((

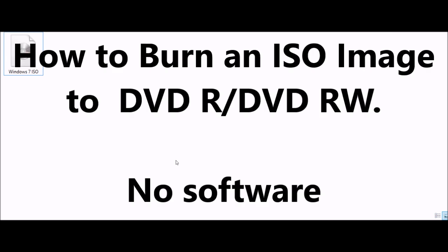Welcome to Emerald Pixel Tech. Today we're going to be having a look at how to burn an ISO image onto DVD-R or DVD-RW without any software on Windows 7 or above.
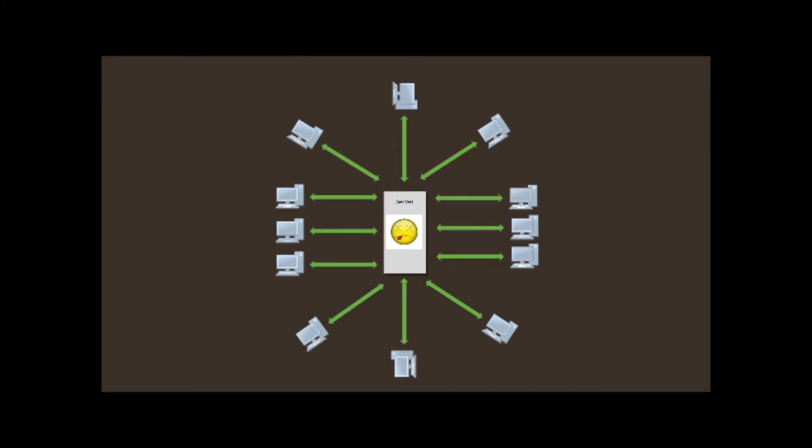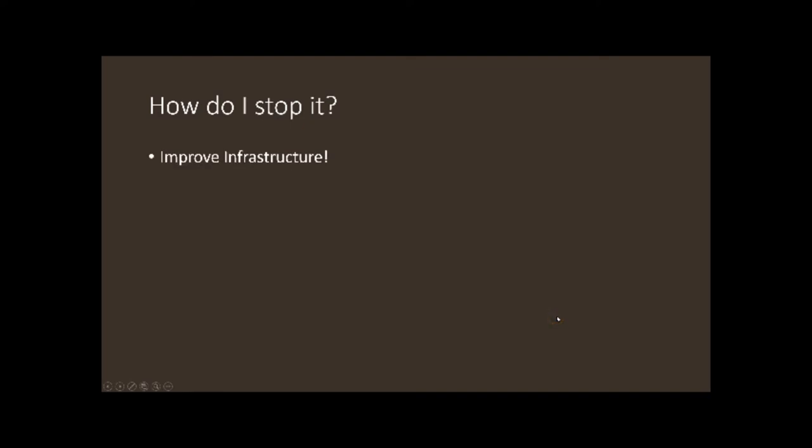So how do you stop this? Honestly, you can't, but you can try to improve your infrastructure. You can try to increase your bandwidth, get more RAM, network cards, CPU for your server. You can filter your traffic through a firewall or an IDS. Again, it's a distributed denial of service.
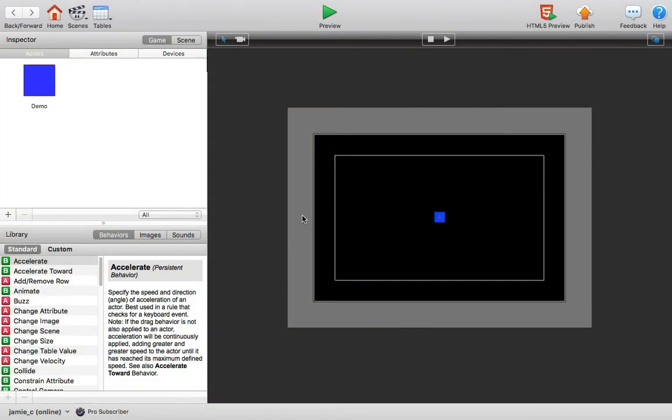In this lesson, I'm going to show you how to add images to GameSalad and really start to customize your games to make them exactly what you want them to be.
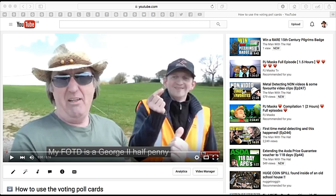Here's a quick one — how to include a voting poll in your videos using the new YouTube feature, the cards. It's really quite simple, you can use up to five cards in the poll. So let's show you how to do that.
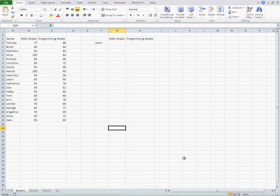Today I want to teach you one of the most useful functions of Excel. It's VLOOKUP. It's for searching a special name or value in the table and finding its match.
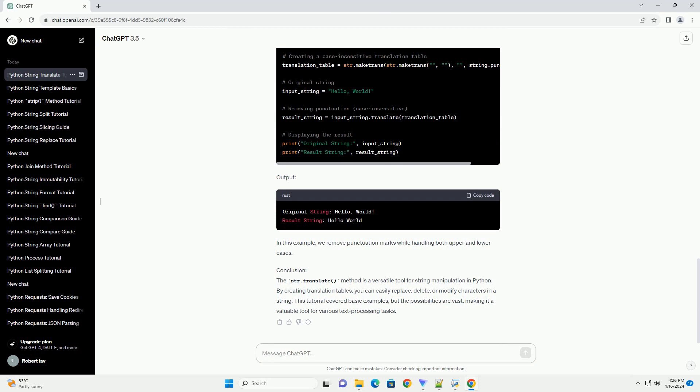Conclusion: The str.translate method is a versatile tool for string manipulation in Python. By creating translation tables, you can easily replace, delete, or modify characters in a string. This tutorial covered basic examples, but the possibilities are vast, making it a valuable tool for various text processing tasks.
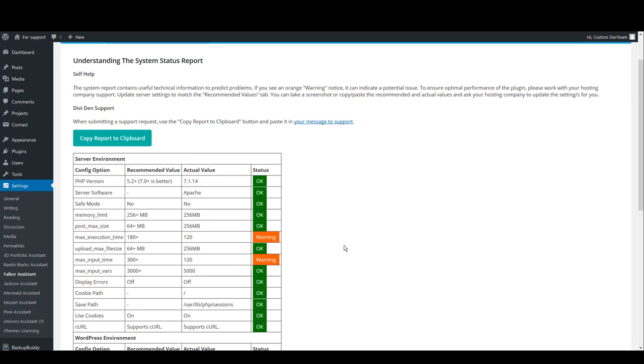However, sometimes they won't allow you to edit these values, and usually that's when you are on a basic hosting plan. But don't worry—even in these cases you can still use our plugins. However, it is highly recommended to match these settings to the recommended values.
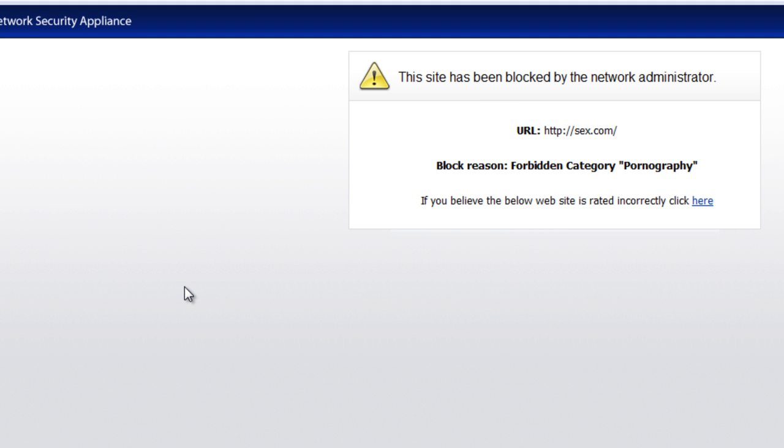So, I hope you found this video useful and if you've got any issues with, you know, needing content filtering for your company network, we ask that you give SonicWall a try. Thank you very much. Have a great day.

))

Description of the task:
Excluding the pictures, write out exactly the lines from the line that contains "In this lesson, I'm" through the end of the records.

Result of the exercise:
In this lesson, I'm going to show you how to add images to GameSalad and really start to customize your games to make them exactly what you want them to be.
Here's a quick one — how to include a voting poll in your videos using the new YouTube feature, the cards. It's really quite simple, you can use up to five cards in the poll. So let's show you how to do that.
Today I want to teach you one of the most useful functions of Excel. It's VLOOKUP. It's for searching a special name or value in the table and finding its match.
Conclusion: The str.translate method is a versatile tool for string manipulation in Python. By creating translation tables, you can easily replace, delete, or modify characters in a string. This tutorial covered basic examples, but the possibilities are vast, making it a valuable tool for various text processing tasks.
However, sometimes they won't allow you to edit these values, and usually that's when you are on a basic hosting plan. But don't worry—even in these cases you can still use our plugins. However, it is highly recommended to match these settings to the recommended values.
So, I hope you found this video useful and if you've got any issues with, you know, needing content filtering for your company network, we ask that you give SonicWall a try. Thank you very much. Have a great day.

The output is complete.